The local authorities didn’t bother to keep the buildings running, nor did anyone bother to offer jobs to a predominantly black population, that turned to crime and drug trade as their only chance to earn a living.

In the 1980s, it is estimated that 15,000 black people lived in abject poverty in the by-now dilapidated buildings. After Ruthie McCoy’s murder, it was discovered that the buildings had narrow passageways between apartments and it was possible to access them by taking down the bathroom cabinets.

These passages had been designed to give repair crews easy access to the building’s pipes, but residents sometimes used them to escape to the next apartment during a police raid.

The atmosphere in these high-rises was the ideal background for a horror movie as living there was a real nightmare. At one point during the 911 call, the terrified Ruthie pleading with the police to come and rescue her mentions “the elevators are working.”

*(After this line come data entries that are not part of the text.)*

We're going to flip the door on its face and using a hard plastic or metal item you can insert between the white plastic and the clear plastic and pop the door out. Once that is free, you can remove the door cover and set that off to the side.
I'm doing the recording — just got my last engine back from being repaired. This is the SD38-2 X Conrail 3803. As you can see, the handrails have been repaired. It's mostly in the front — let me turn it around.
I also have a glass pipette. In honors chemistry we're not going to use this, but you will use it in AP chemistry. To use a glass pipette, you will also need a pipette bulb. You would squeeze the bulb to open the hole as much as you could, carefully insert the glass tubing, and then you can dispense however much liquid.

It might sound like an odd thing to say, but it was sort of a miracle for that place where nobody cared about repairs, burnt light bulbs were left unchanged and the residents were forced to make their way upstairs in pitch dark. Who needs horror movies when you can have all that for real?

The Real Candyman

The movie was based on a short story by Clive Barker, ‘The Forbidden’ in which a student called Helen explores the urban legend of the Candyman. The character played by Tony Todd is described as the son of a former slave, now a wealthy black man, who becomes an artist and gets accepted into the white society.

The artist was frequently commissioned to paint the portraits of white people and this is how he meets and falls in love with a young white woman, who gets pregnant.

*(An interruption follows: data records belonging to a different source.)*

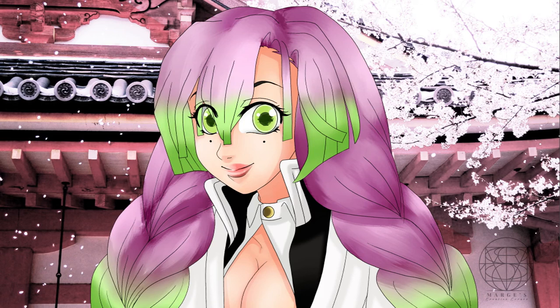I'm pretty happy with the digital drawing of Kanroji Mitsuri. I hope to see you in my next videos. Bye!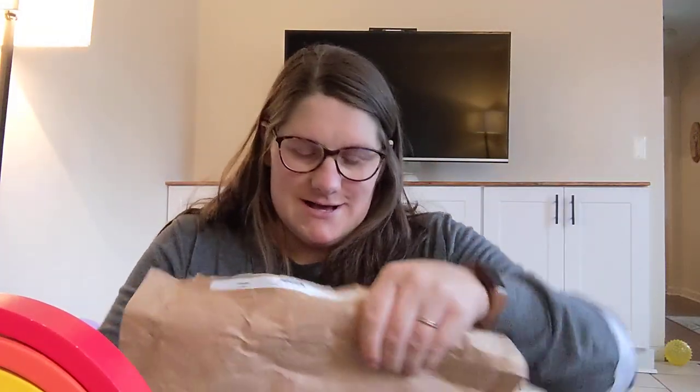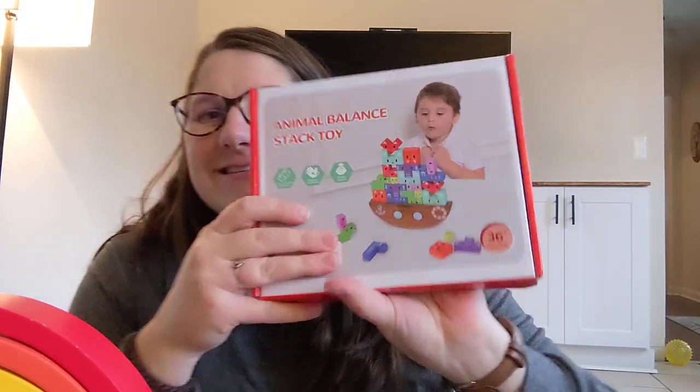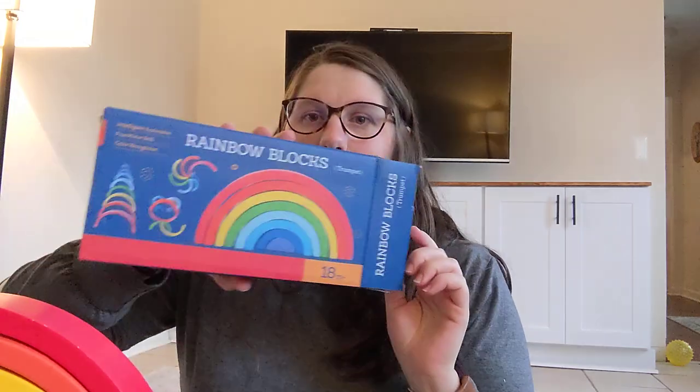I recently ordered these animal balance stack toys. My daughter just turned three. I ordered them because we have these rainbow blocks, and when they first came, we legitimately had to fight over taking turns because they're so much fun — we love them so much. So I thought this would be a fun addition. They're for ages three to six.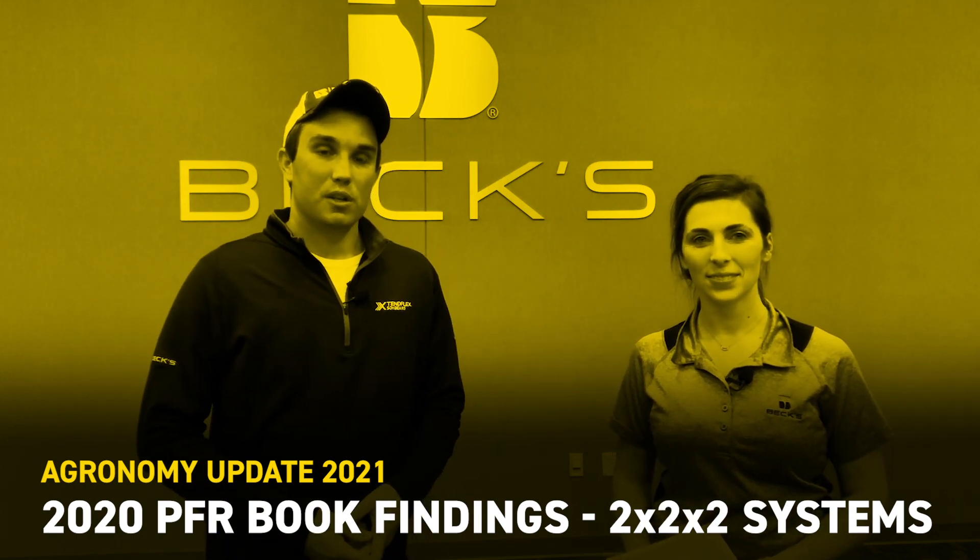Welcome everyone. I'm Brandon Summers, the PFR lead here at the Henderson, Kentucky site. With me today I've got Camille Lambert. She is our field agronomist for this area and we're going to start a new series of videos over the coming weeks up until planting. We're going to pull studies out of the PFR book that we feel can greatly help you guys on your operations, and today we're going to talk about 2x2x2.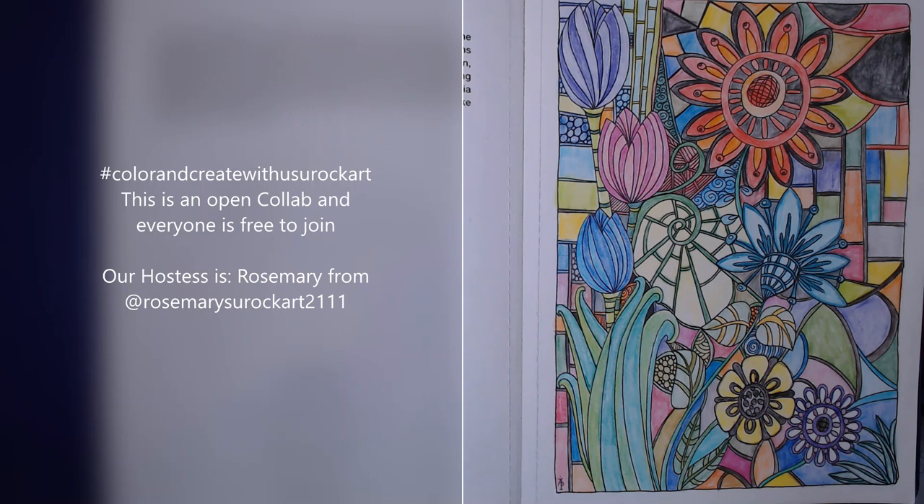This collab isn't just for people who color — it is also about creating. You can show us something you are creating, whether you're making cards, twinchies, doing some diamond painting, knitting, or quilting. Just anything that you have created. So you can show us something you've colored, something you've created, or both.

When the illicit affair is discovered by the girl’s father, he raises a lynching party. The black artist is caught, savagely beaten, they cut off his right hand, then they smear his body with honey and leave him to be stung to death by bees.

Such a brutal murder was not the product of the screenwriter’s imagination, but the sad reality of the early 20th century America. The movie places the black artist’s murder in 1890, and according to statistics at least 85 black people were lynched for various reasons. The real number is probably higher as many such crimes were not reported.

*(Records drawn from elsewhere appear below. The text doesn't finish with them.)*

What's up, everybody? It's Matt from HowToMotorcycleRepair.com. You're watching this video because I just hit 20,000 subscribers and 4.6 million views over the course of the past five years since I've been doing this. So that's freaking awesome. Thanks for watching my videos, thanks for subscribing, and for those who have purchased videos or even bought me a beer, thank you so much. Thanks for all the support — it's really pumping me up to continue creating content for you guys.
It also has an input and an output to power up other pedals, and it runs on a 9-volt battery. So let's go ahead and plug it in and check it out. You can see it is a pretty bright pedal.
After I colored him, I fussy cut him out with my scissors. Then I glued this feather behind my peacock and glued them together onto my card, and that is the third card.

One of the worst crime a black man could commit was falling in love with a white woman. In the early 20th century, former boxing champion Jack Johnson sparked public outrage when he married a white woman.

When he got married a second time again to a white woman, it was considered he’d gone too far and was jailed for several years. Being suspected of attacking a white woman was also a valid reason to be lynched, no trial or proof required.

For instance, in 1924, a 33-year old African American called William Bell was beaten to death because he was thought guilty of attacking a white girl. Such murders were sometimes called a “lynching bee,” which explains the bees in the movie.

To sum it up, no, there is no supernatural being such as the Candyman, but the story is based on real events. The real horror is not the man with the hook, but the tragic lives of generations of black Americans.